こうしてみると、3回目のパブコメが、今回2012年改正の骨格を定めたものと言っていいように思います。動物取扱業――なかでもいわゆる販売業者 vs 動物愛護活動家のつばぜり合いとなった1・2回目のパブコメの方が派手だった印象はありますが、さるねこ父個人としてはそれらは「枝葉」であって、広い意味での適正飼養をめぐる3回目のパブコメこそが「幹」だったと考えます。

現在募集されている6、7回目のパブコメも、地味ではありますが、広い意味での適正飼養、つまり「人間は動物とどのように向き合うべきか」についての向こう5~10年の指針・基準を定めるためのものです。

指針や基準それ自体がただちに市民生活に拘束力を伴う規制を加えるわけではありません。たとえば多頭飼育に関して、新しい「家庭動物等の飼養及び保管に関する基準」案では、第3の3で、

 所有者等は、その飼養及び保管する家庭動物等の数を、適切な飼養環境の確保、終生飼養の確保及び周辺の生活環境の保全に支障を生じさせないよう適切な管理が可能となる範囲内とするよう努めること。適切な管理をおこなうことができない場合、虐待となるおそれがあることを十分認識すること。〔下線部は改正案において付加された部分〕

と規定しています。「不適切な多頭飼いは、虐待になるかもしれんから、わかってんだろうな」という圧力であるわけですが、では実際に不適切な多頭飼いをしている人間の家のドアをコンコンとノックする公権力が現れるのかというと、そういうわけではない。あるいは、先鋭的な動物愛護活動家が自警団を組織して、コンコンと家々をノックして回ってもいいですよ、と奨めるわけでもない(まあ、あたりまえですが)。極端に言えば、こうやって書いてあってもなくても、世の中の99.9...%の「不適切な多頭飼い」の状況には、実質なんの変化もないでしょう。

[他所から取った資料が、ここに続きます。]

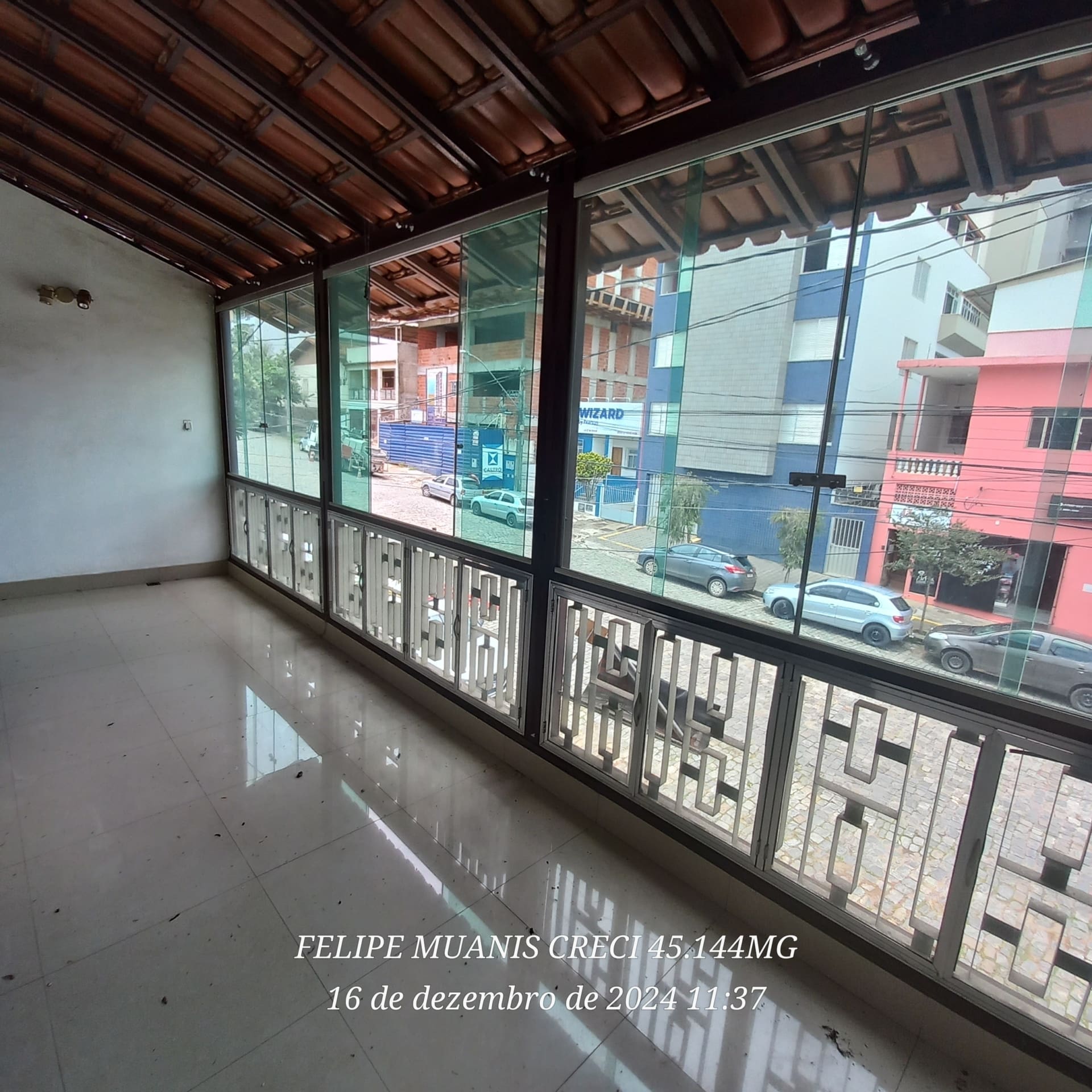 Casa Triplex de 320 m² no Centro de Palmeiras | Alto Padrão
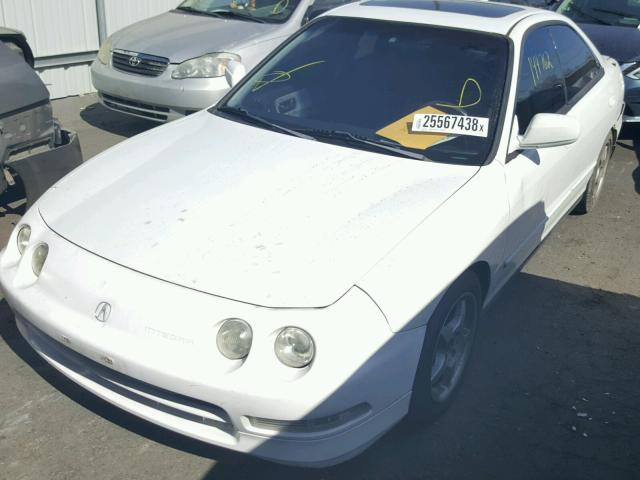 JH4DB7653VS003945 - 1997 ACURA INTEGRA LS WHITE photo 2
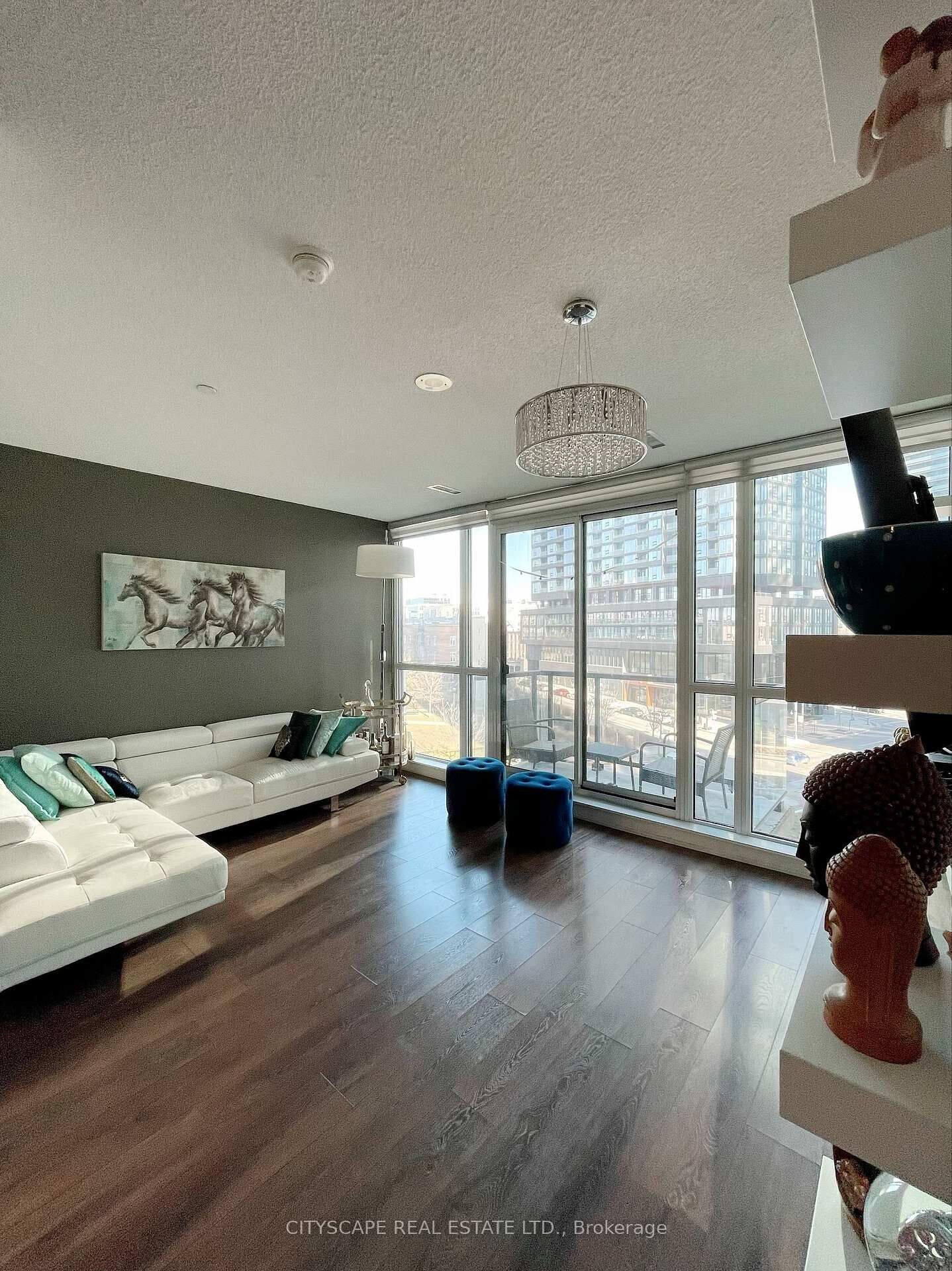 Property Photo:  51 East Liberty Street 414  ON M6K 3P8 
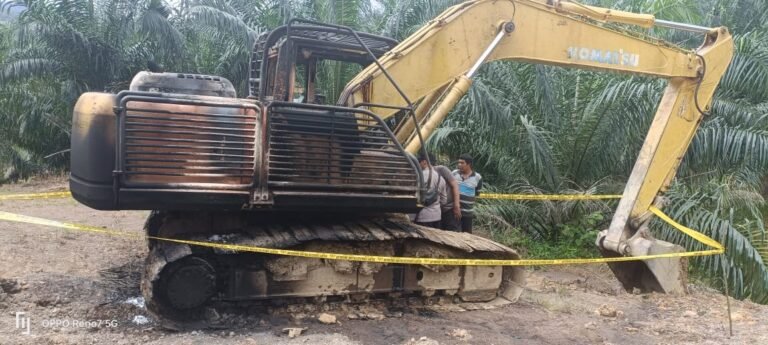 Satu Unit Alat Berat di Tamiang Hulu Dibakar OTK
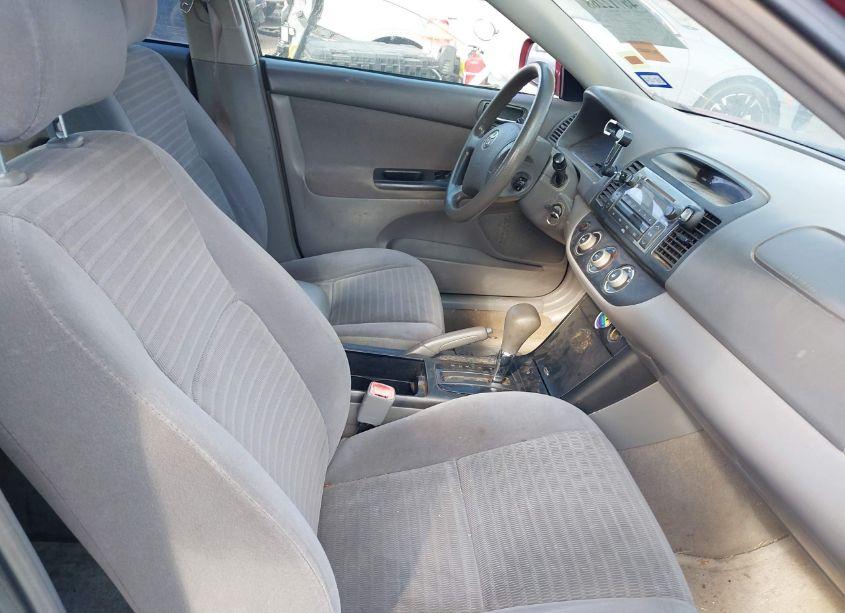 Photo 5 of 2006 Toyota Camry LE (VIN 4T1BE32K76U165051)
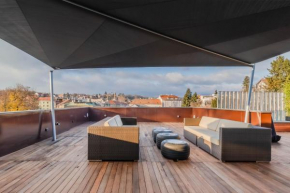 Panorama Luxe Residence with Spa and Terrace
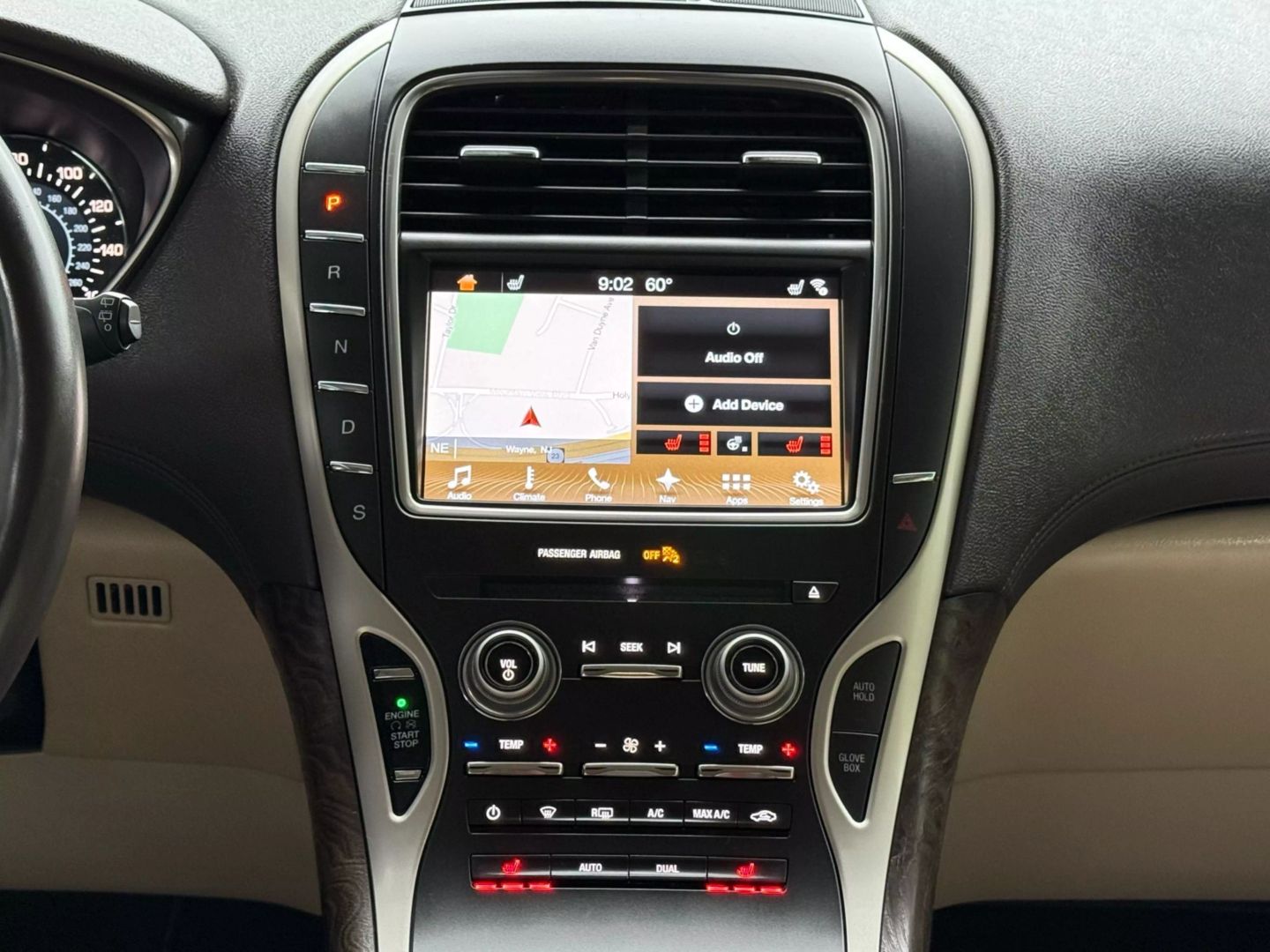 2017 Lincoln Mkx - Image 29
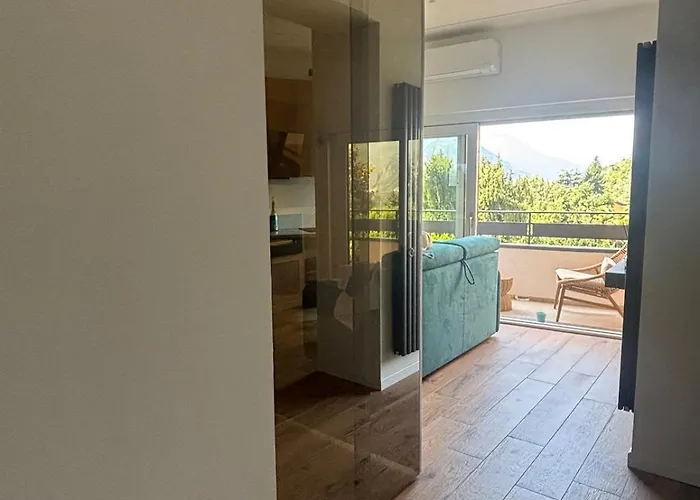 Modern With Balcony & View ヴェルバーニア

じゃあ、この改正にはなんの意味もないのか、というとそうではなくて、こうした指針や基準は「これからの社会通念・一般常識はこうである(&こうでなければならない)」と示すために重要なのだと思います。そして、それらを改正するということは、「過去に比べて、現在・将来はこう変わっていく・変わっていかなくてはならない」と公に宣言することにつながります。

もうひとつ、こうした指針や基準は「公的なお墨付き」としても機能します。「犬猫の飼い方なんて、人それぞれ、自由だろ」という物言いに対して、「いや、なんでもかんでも自由というわけではない、あなたのその飼い方は『間違っている』」と主張するだけの論拠を、指針や基準は与えてくれます……そこから先、実効性のある強制力を働かせられるかというと、必ずしもそうとは限りませんがorz。

 

というわけで「それなりに大事」な今回のパブコメ募集に関して、これから何回かに分けて記事にしていこうと思います。